[Exercise] Look through the material below and copy exactly the lines from the line with "this 1456×819 image." to the line with "this 460×256 image.", those two lines included.
[Data in this exercise]
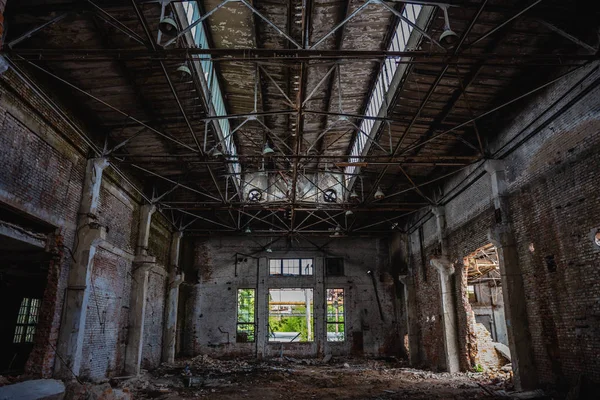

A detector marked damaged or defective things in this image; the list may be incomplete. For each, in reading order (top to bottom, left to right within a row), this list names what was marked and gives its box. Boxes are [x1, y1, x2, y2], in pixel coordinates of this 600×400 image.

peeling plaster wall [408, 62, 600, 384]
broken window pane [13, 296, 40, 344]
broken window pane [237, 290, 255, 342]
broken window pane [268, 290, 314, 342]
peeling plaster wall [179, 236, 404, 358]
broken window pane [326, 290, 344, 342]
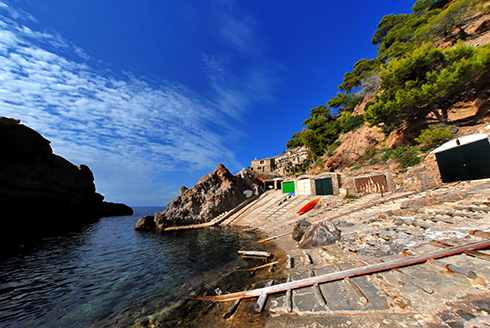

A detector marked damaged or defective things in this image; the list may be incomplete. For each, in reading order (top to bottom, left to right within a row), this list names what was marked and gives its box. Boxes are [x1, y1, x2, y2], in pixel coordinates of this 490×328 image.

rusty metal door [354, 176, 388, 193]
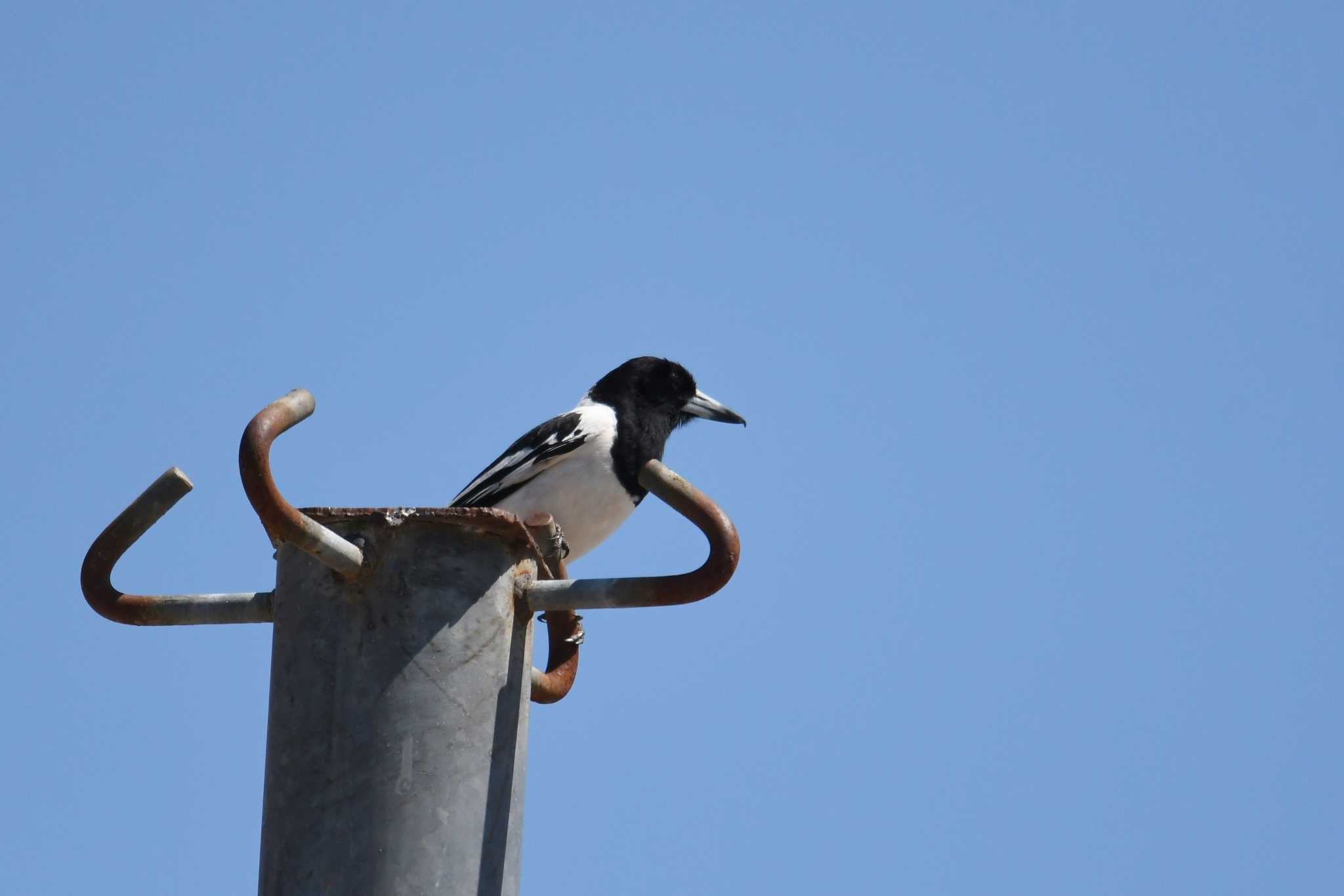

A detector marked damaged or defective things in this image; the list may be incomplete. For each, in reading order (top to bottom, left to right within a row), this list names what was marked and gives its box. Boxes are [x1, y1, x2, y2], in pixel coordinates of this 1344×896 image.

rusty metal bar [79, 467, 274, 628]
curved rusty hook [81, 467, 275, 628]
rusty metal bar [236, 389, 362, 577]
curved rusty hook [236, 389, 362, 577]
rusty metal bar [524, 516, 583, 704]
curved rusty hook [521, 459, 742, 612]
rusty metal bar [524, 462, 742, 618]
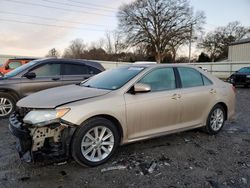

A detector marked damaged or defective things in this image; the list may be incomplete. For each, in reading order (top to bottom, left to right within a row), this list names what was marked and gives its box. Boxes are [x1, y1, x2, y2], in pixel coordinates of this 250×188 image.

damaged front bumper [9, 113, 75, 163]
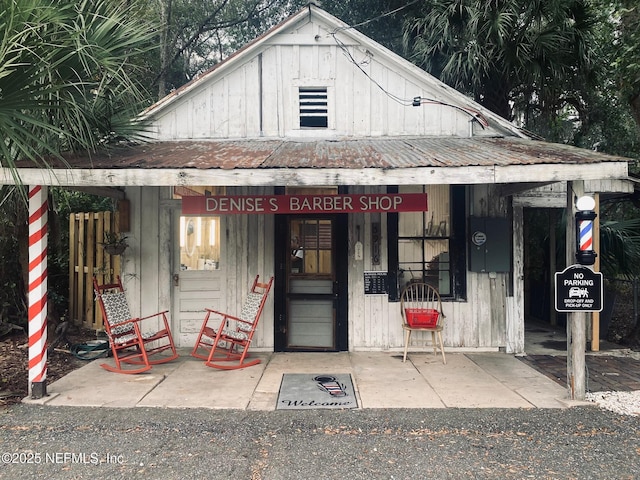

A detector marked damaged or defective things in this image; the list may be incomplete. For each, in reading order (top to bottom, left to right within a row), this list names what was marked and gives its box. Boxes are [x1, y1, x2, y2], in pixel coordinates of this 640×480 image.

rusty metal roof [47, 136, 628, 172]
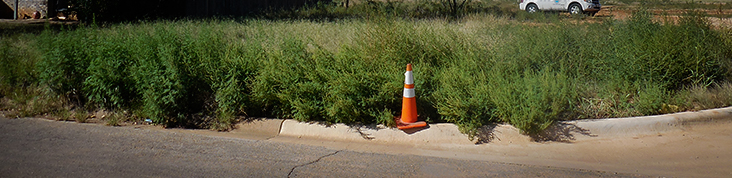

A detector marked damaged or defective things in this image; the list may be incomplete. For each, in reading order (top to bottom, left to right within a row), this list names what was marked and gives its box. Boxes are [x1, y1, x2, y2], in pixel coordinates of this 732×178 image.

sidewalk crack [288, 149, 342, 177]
[/Data in this exercise]
[Data in this exercise]
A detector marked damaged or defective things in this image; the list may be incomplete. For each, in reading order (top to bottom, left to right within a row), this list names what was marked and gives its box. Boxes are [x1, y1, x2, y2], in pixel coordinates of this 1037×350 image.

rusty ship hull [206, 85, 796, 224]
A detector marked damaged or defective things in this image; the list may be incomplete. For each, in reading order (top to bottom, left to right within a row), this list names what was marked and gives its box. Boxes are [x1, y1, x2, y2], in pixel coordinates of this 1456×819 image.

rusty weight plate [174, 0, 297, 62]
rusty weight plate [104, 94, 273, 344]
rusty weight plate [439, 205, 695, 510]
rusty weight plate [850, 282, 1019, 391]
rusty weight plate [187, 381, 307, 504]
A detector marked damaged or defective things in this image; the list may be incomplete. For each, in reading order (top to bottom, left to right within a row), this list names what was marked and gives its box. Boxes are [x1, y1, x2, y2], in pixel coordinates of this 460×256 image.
[/Data in this exercise]
[Written solution]
A detector marked damaged or defective things in this image; the list may be incomplete. For each, in reading order (top to bottom, left to right within a row), this list names what was marked and gives its box. Boxes are [x1, y1, x2, y2], in pixel coordinates of this 1456×819 image.

rusty weight plate [174, 0, 297, 62]
rusty weight plate [104, 94, 273, 344]
rusty weight plate [439, 205, 695, 510]
rusty weight plate [850, 282, 1019, 391]
rusty weight plate [187, 381, 307, 504]
A detector marked damaged or defective things in this image; the list may be incomplete. For each, in reading order (top to bottom, left to right within a row), this list names what was marked and gives its box. Boxes are [x1, y1, x2, y2], in pixel coordinates of this 460×256 image.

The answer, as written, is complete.